- **Task prompt**
Omit all pictures, then retype exactly the lines from the one that contains "Mustard Yellow Silk" through the end of the listing.

- **Source material**
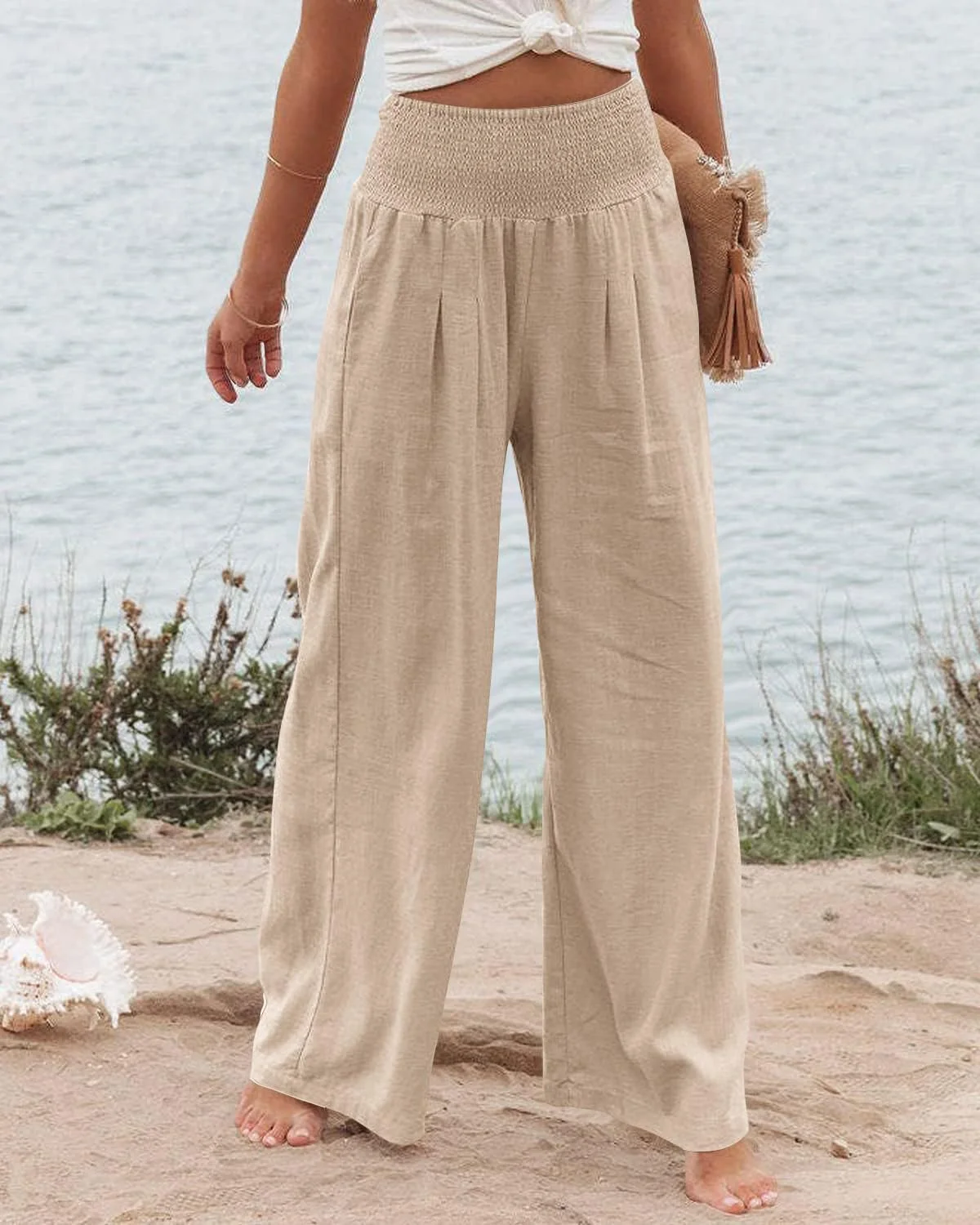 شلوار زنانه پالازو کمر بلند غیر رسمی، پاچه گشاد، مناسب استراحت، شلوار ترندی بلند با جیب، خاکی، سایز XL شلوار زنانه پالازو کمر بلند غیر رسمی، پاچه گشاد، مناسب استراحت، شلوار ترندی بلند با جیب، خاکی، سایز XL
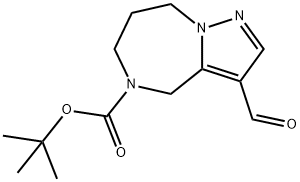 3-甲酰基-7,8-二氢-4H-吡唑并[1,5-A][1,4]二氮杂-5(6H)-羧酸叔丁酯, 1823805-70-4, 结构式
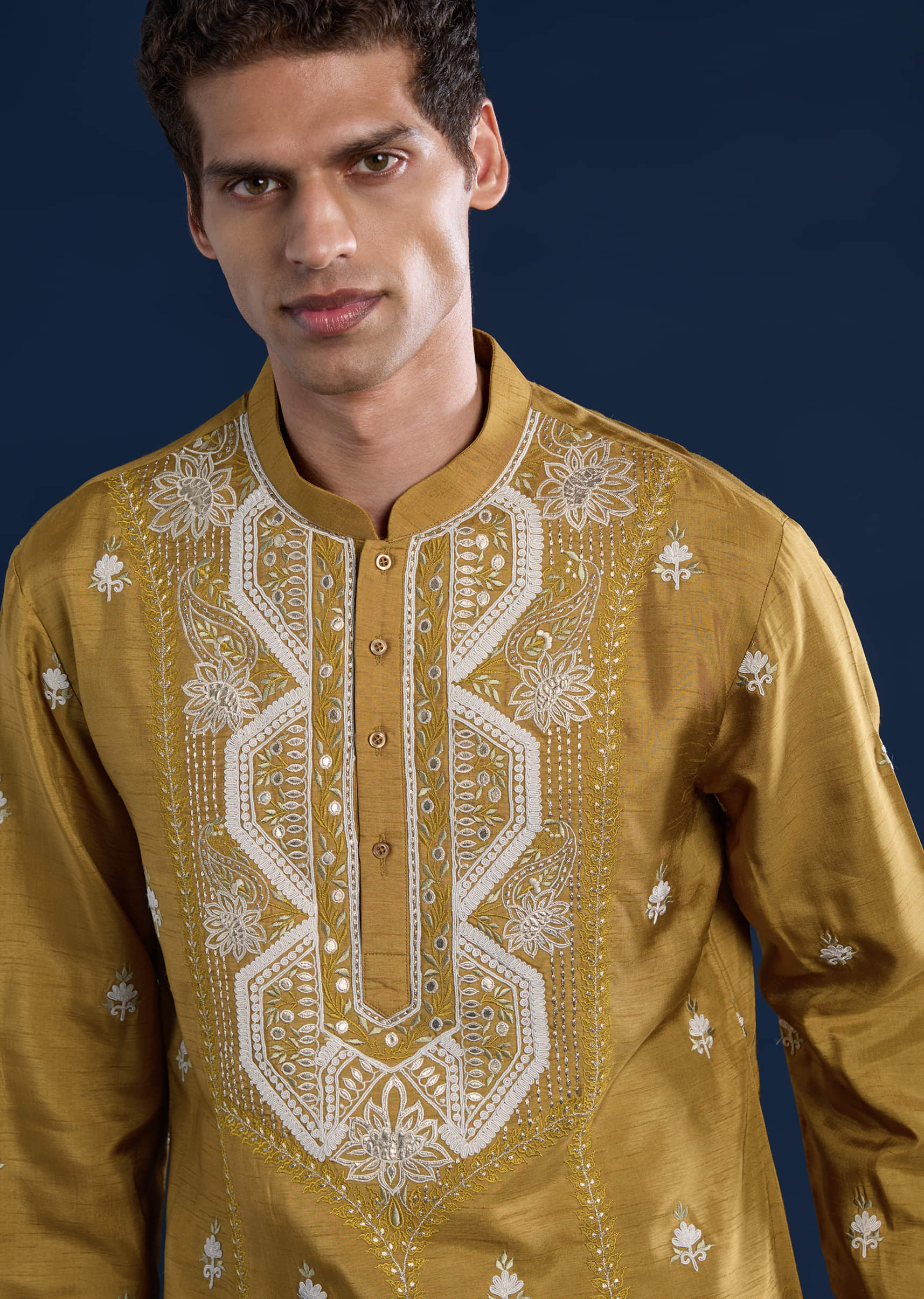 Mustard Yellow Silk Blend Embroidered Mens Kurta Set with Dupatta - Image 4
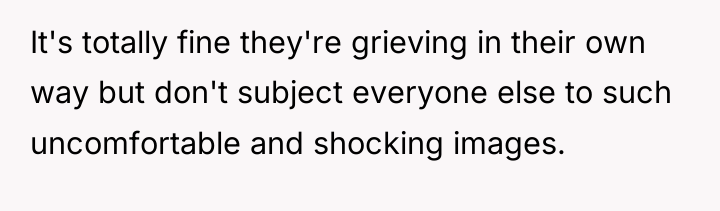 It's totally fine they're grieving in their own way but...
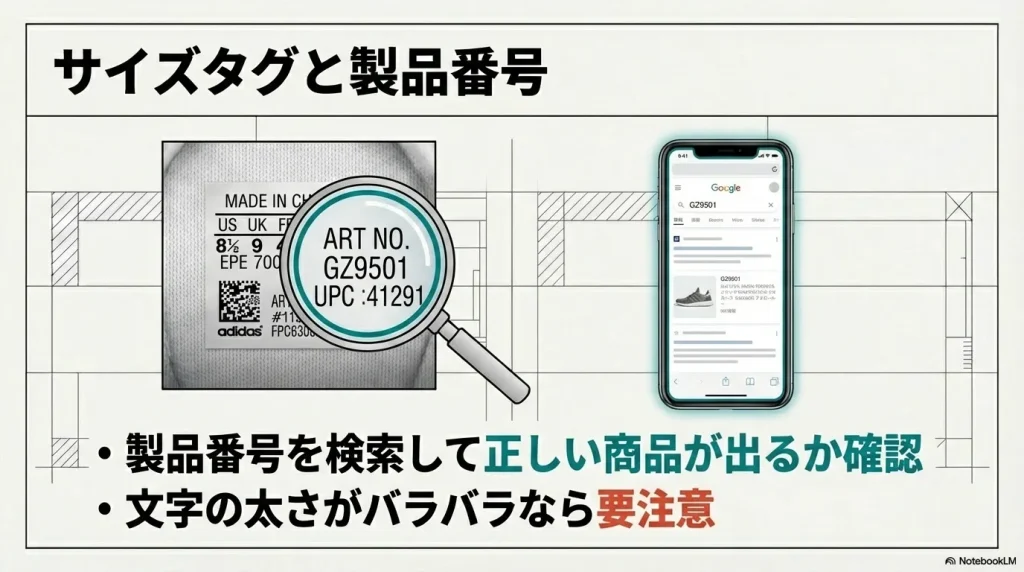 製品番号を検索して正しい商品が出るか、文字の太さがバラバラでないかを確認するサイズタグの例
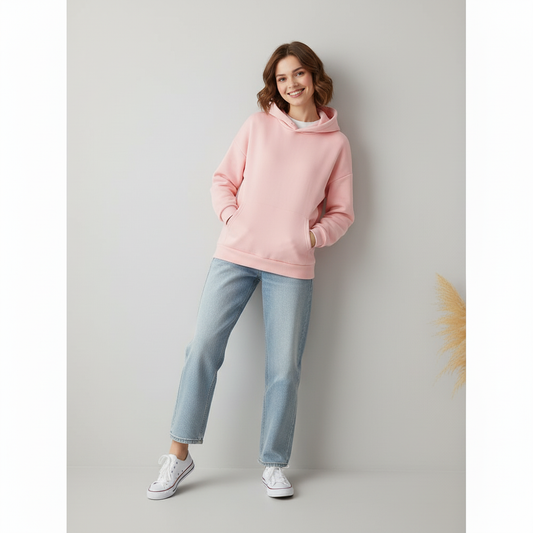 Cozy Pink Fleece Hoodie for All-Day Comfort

- **Problem solution**
 Mustard Yellow Silk Blend Embroidered Mens Kurta Set with Dupatta - Image 4
 It's totally fine they're grieving in their own way but...
 製品番号を検索して正しい商品が出るか、文字の太さがバラバラでないかを確認するサイズタグの例
 Cozy Pink Fleece Hoodie for All-Day Comfort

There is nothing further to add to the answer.